● **Dataset extract**:
..............................

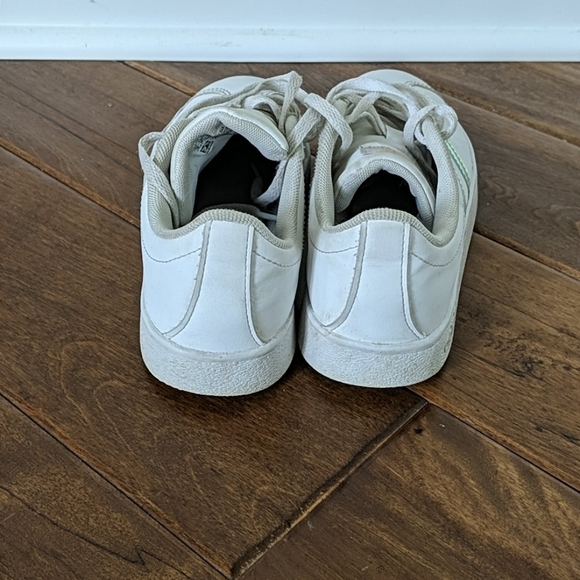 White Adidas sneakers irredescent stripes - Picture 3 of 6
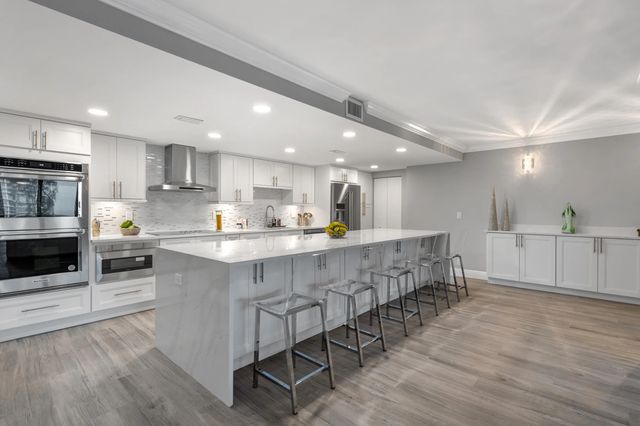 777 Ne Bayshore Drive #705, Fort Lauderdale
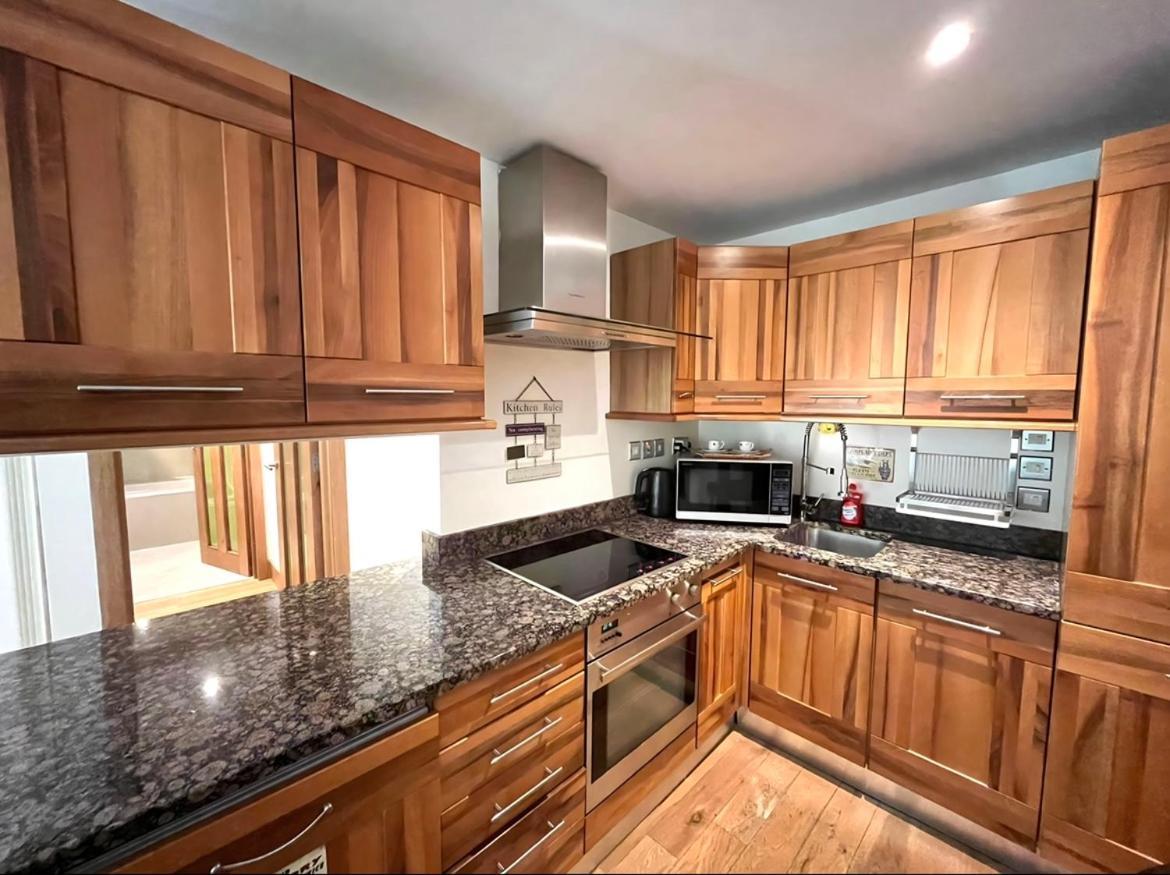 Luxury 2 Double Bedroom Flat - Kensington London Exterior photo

..............................

● **Work instructions**: Lines from the one that contains "777 Ne Bayshore Drive #705, Fort Lauderdale" to the final line of the material are the whole answer. Reproduce them word for word and skip the pictures.

● **Expected answer**:
 777 Ne Bayshore Drive #705, Fort Lauderdale
 Luxury 2 Double Bedroom Flat - Kensington London Exterior photo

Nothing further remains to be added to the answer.